The association between various disparity factors and cardiovascular disease (CVD) prevalence among older US adults with diabetes has not been comprehensively explored. We examined disparities in CVD prevalence among Medicare beneficiaries with diabetes.

Methods

Data were from the 2015–2019 Medicare Current Beneficiary Survey. Diabetes and CVD conditions — myocardial infarction (MI), stroke, and heart failure — were self-reported. We estimated the adjusted prevalence ratios (APRs) of CVD by race and ethnicity, education, income-to-poverty ratio (IPR), urbanicity, food insecurity, and social vulnerability using logistic regressions that controlled for these factors as well as age and sex.

Results

Annually, an estimated 9.2 million Medicare beneficiaries aged 65 years or older had diabetes.
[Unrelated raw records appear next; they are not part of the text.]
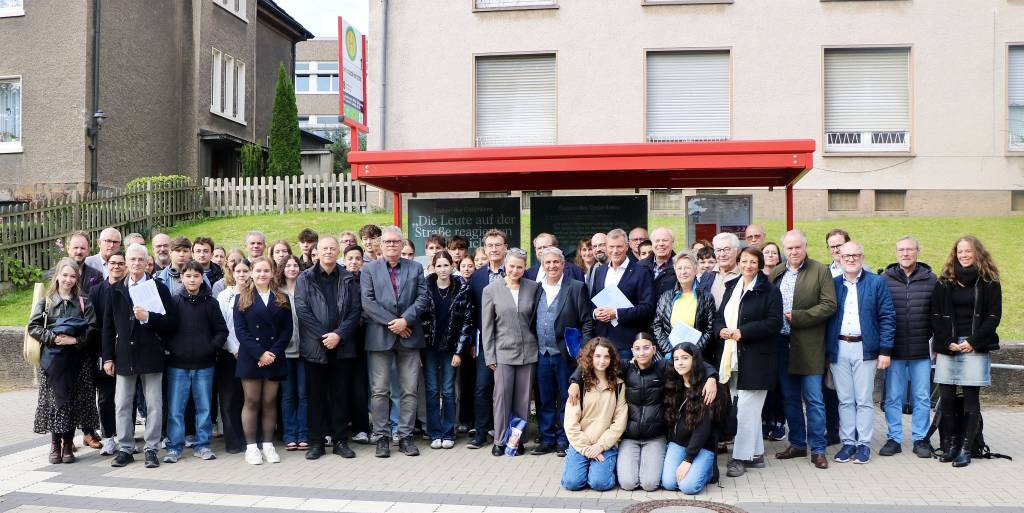 Bürgermeister Christoph Tesche weihte zusammen mit zahlreichen Vertreter*innen der Verwaltung sowie mit Schüler*innen und Lehrkräften des Hittorf-Gymnasiums, mit Vertreter*innen der Arbeitsgemeinschaft Stolpersteine, der beteiligten Parteien, der Jüdischen Kultusgemeinde, des Vereins für Orts- und Heimatkunde, der Volkshochschule, des Stadtarchivs, der Vestischen und des Volksbunds Deutscher Kriegsgräberfürsorge die Gedenkhaltestelle ein. Foto: Stadt RE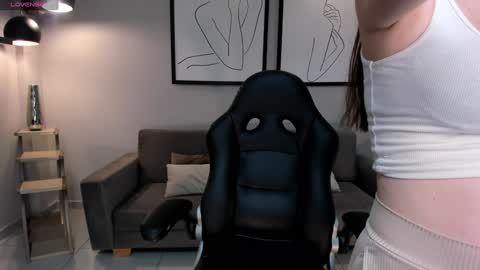 Stacy Woods online show from 01.28.25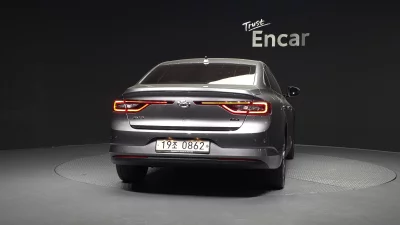 Renault SM6
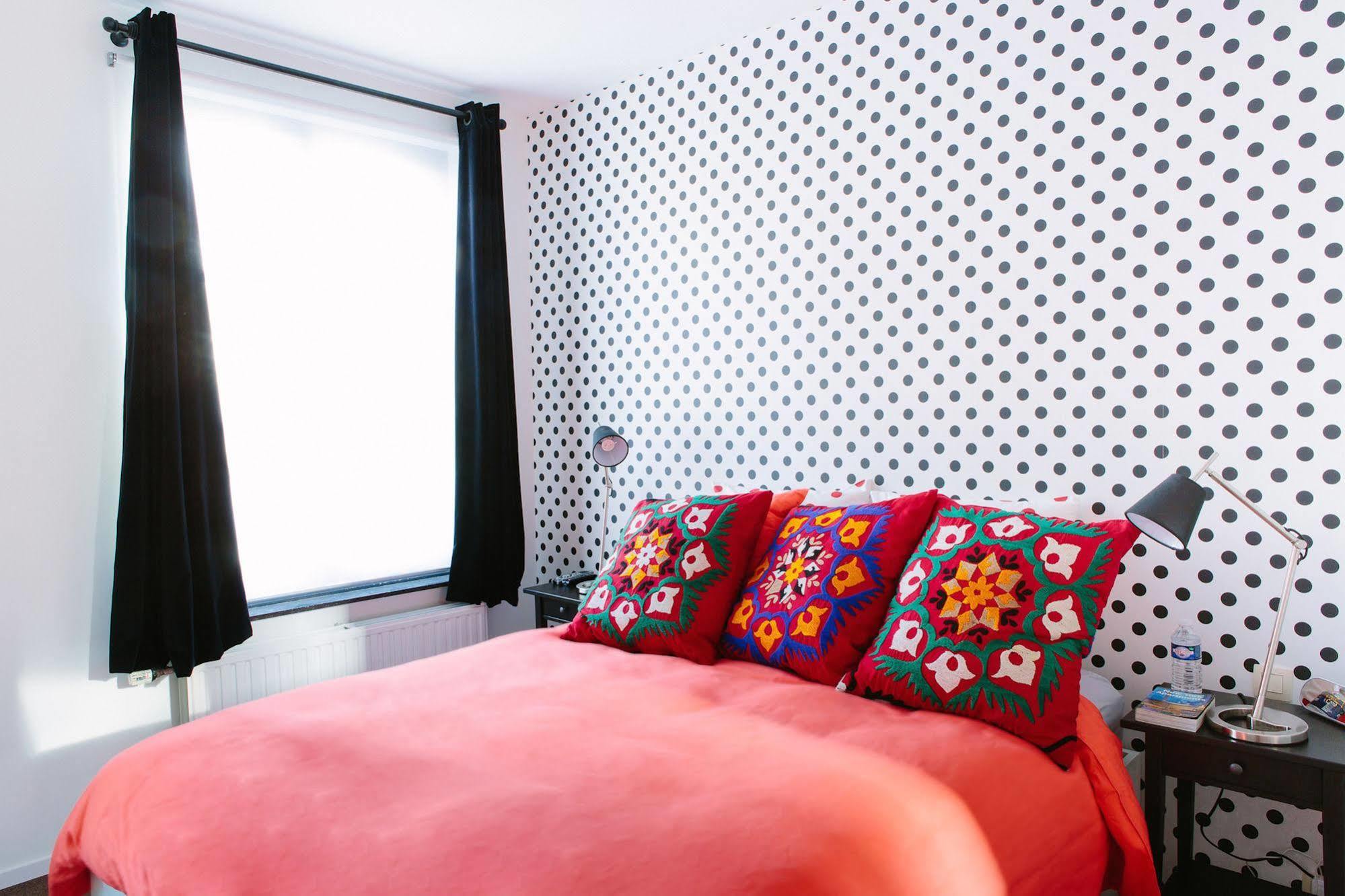 B&B Place Jourdan Etterbeek Bagian luar foto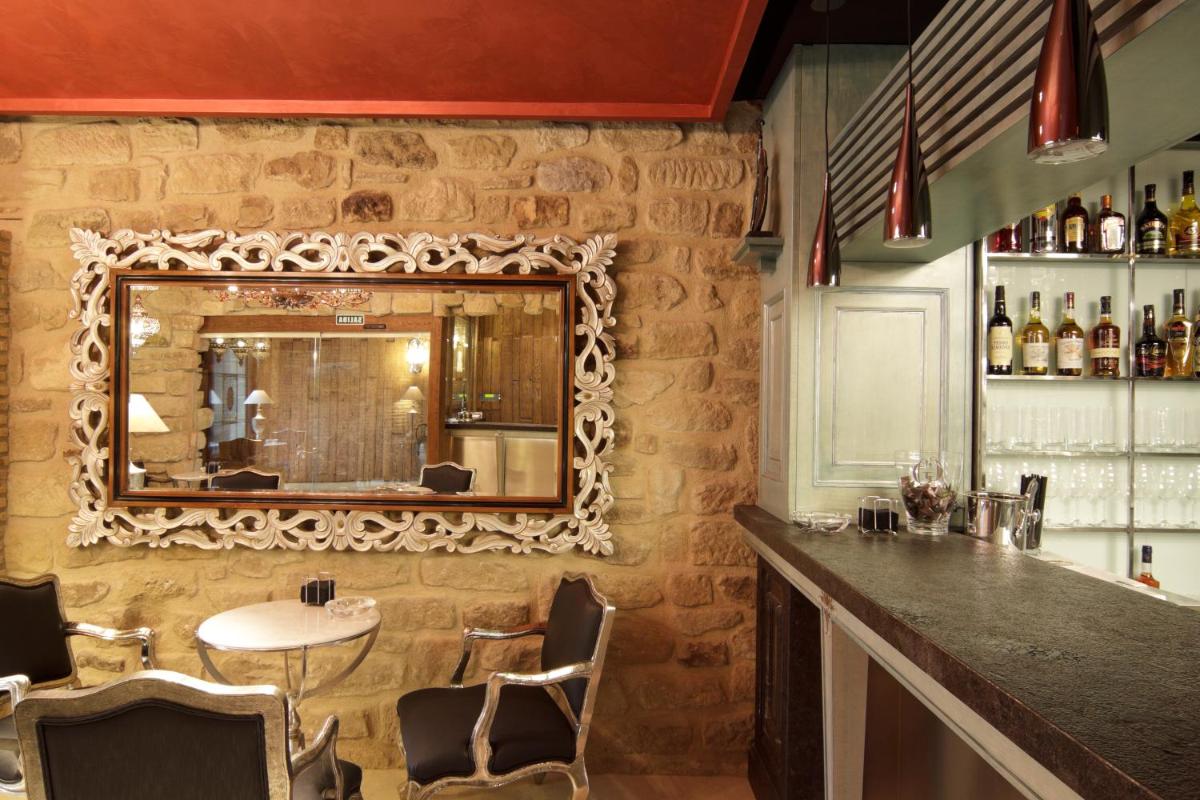 El salón o zona de bar de Hospederia de los Parajes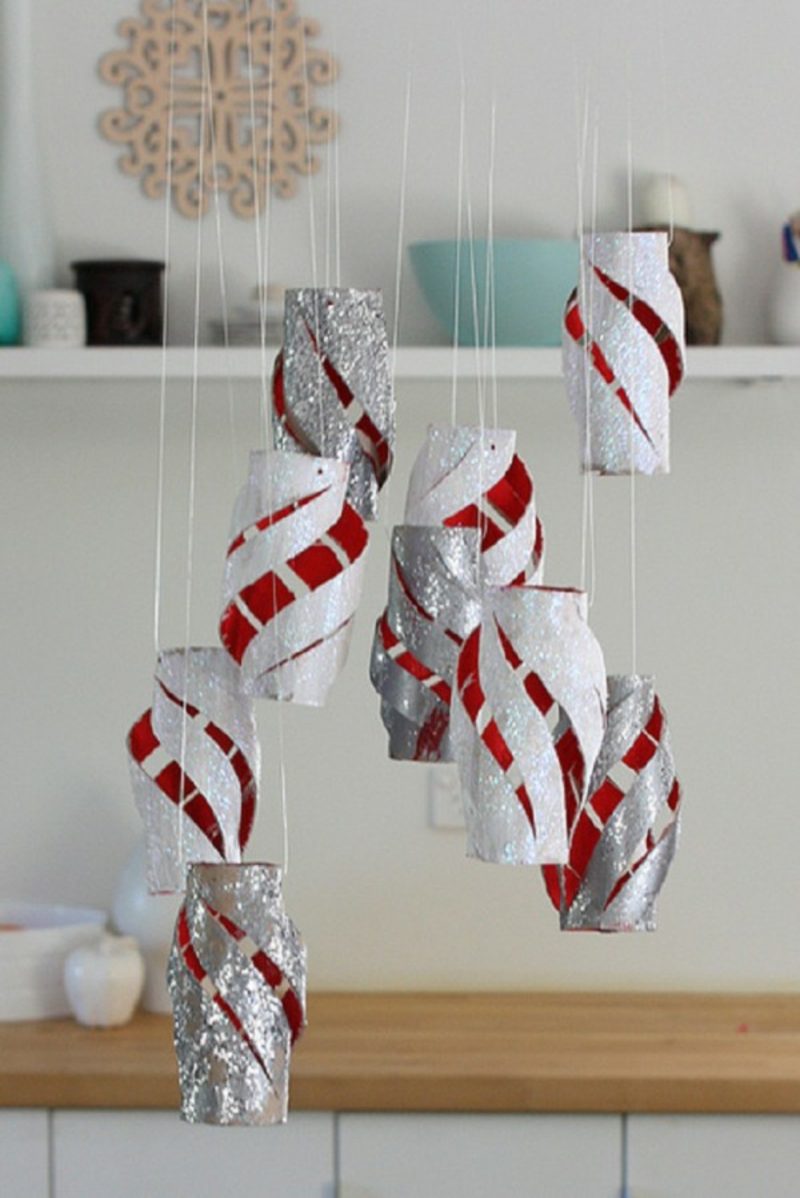 Basteln mit Klopapierrollen Weihnachten hängende Deko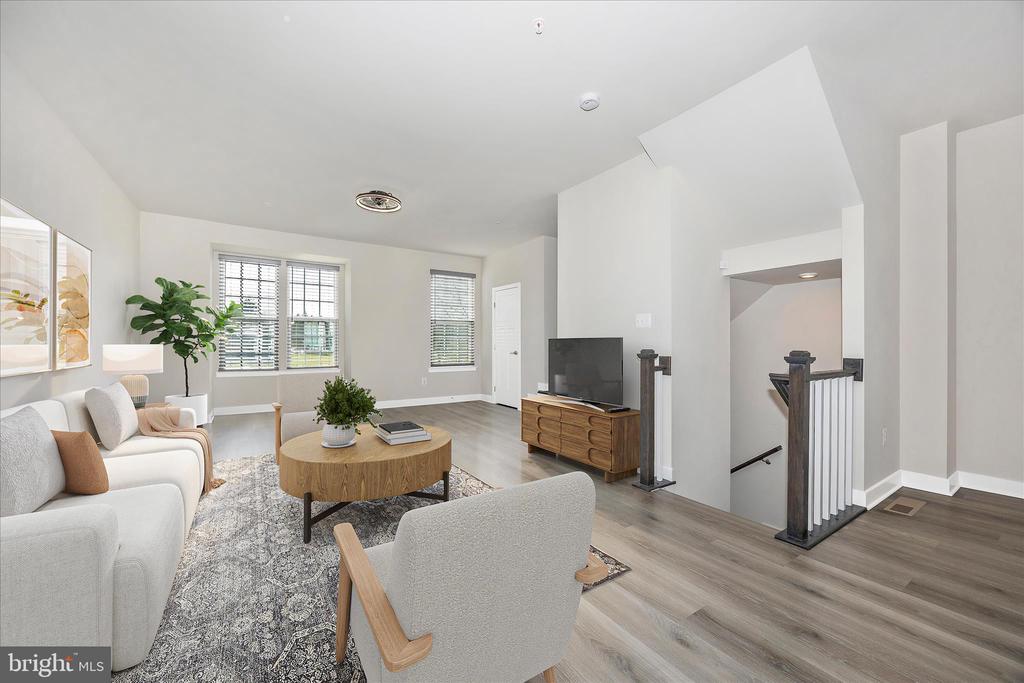 195 BEL AIRE LANE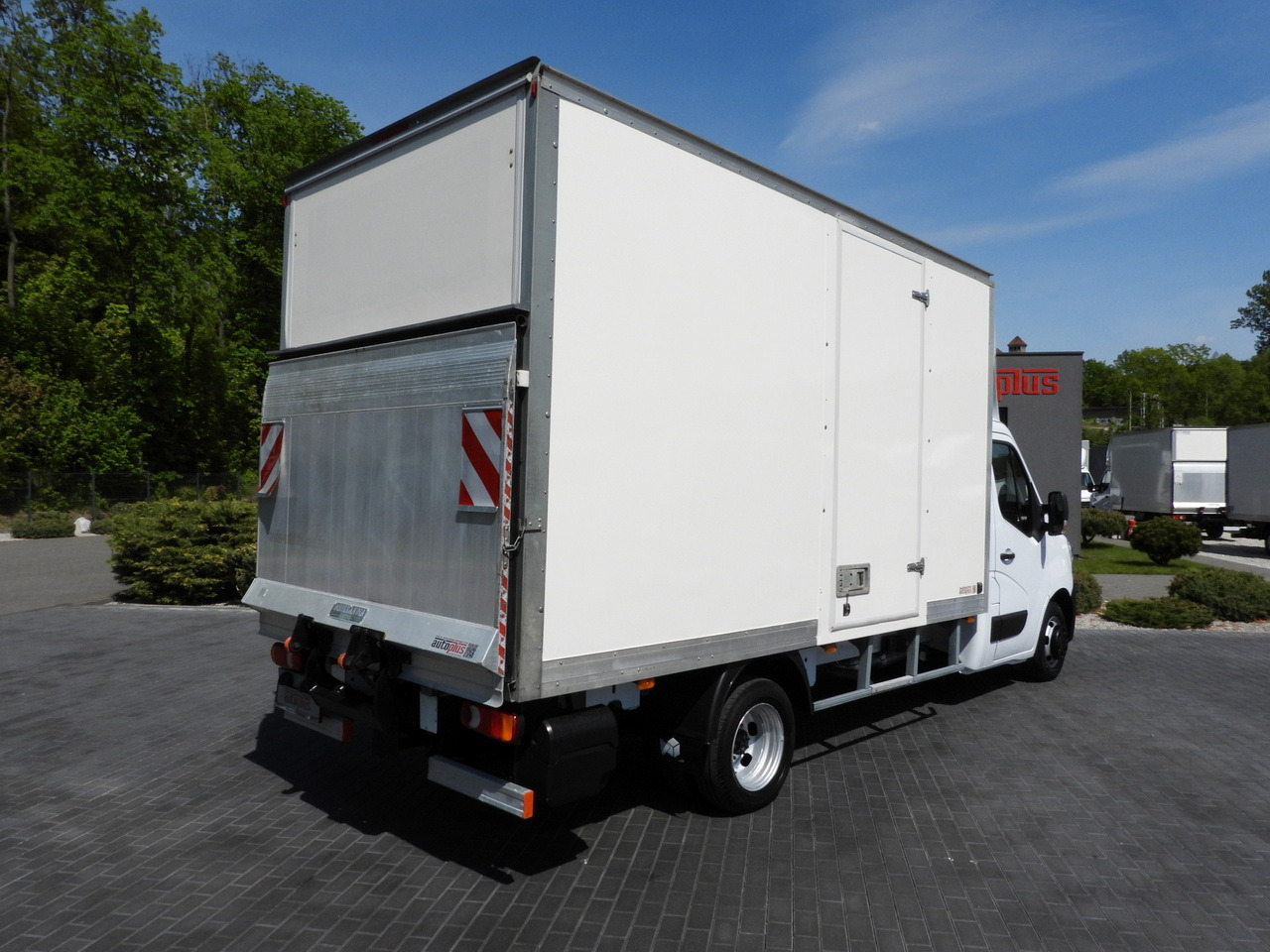 RENAULT MASTER BOX LIFT 8 PALLETS CRUISE CONTROL NAVIGATION LED LIGHTS TWIN WHEELS AIR CONDITIONING 145HP - Box van: picture 3 RENAULT MASTER BOX LIFT 8 PALLETS CRUISE CONTROL NAVIGATION LED LIGHTS TWIN WHEELS AIR CONDITIONING 145HP - Box van: picture 3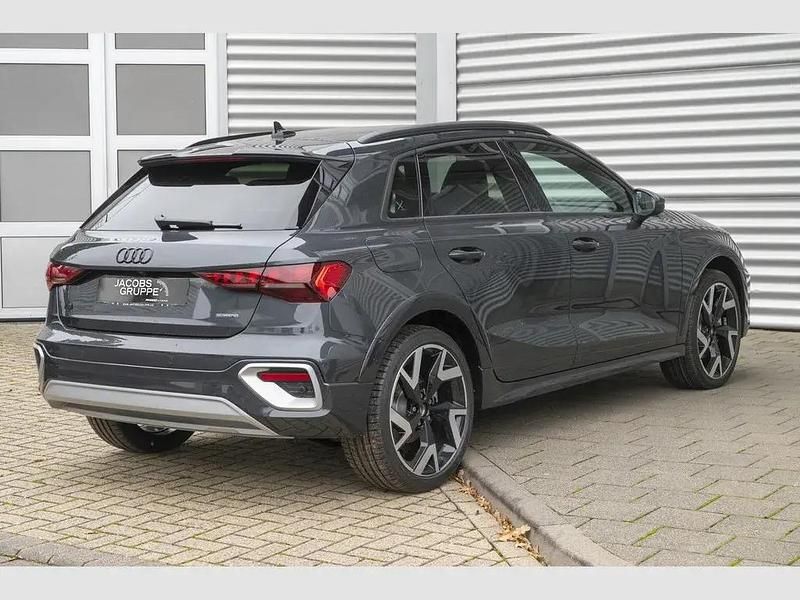 Gebraucht Audi A3 Ambiente 150 PS (110 kW) 2025 Grau Kombi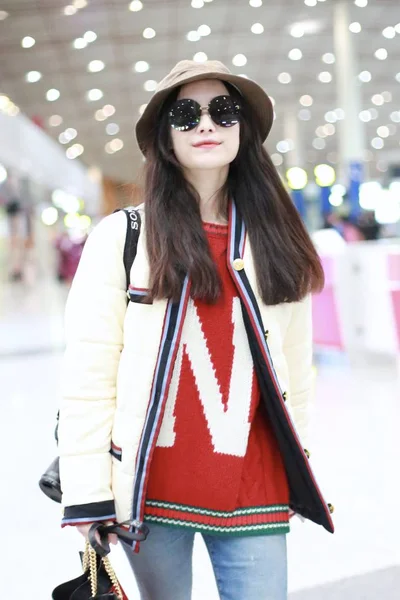 Chinese Actress Arrives Beijing Capital International Airport Beijing China January — Stock Photo, Image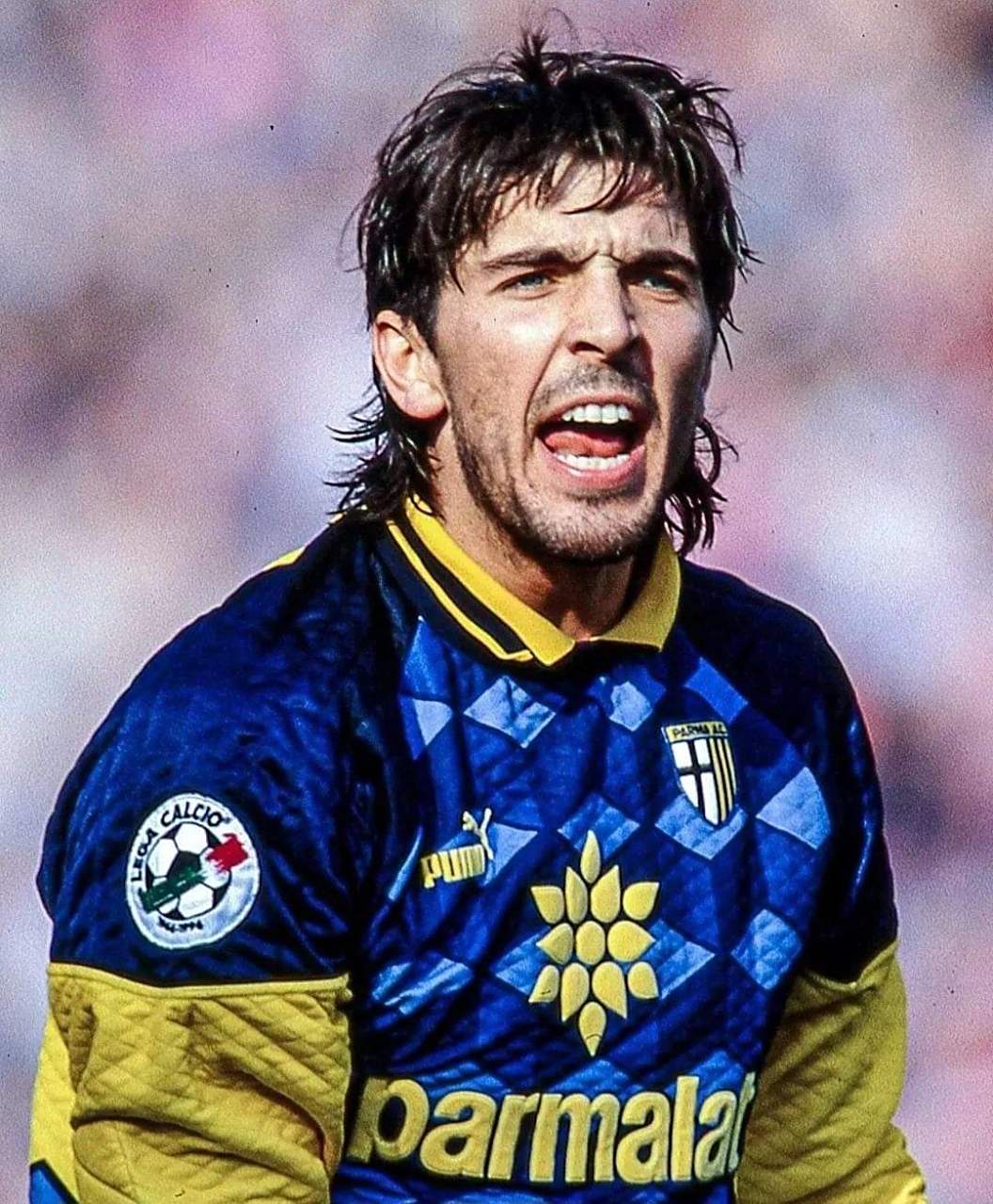 布冯职业生涯起步于帕尔马,随后开启了在尤文图斯效力17年的漫长生涯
Among them, 16.7% had MI, 13.7% had stroke, and 12.5% had heart failure. Beneficiaries who were food insecure, socially vulnerable, with an IPR less than or equal to 135%, and residing in rural areas had a higher crude CVD prevalence. After controlling for other factors, low IPR and food insecurity were linked to a higher prevalence of CVD. Hispanic beneficiaries had lower stroke and heart failure prevalence than non-Hispanic (NH) White and NH Black beneficiaries. NH Black beneficiaries had lower MI prevalence but higher heart failure prevalence compared with NH White beneficiaries. Female respondents with an IPR less than or equal to 135% had higher MI and stroke prevalence; this was not seen in male respondents.

Conclusion

Low IPR and food insecurity were associated with higher MI, stroke, and heart failure prevalence among Medicare beneficiaries with diabetes. Our findings can inform targeted interventions to reduce CVD disparities in these populations.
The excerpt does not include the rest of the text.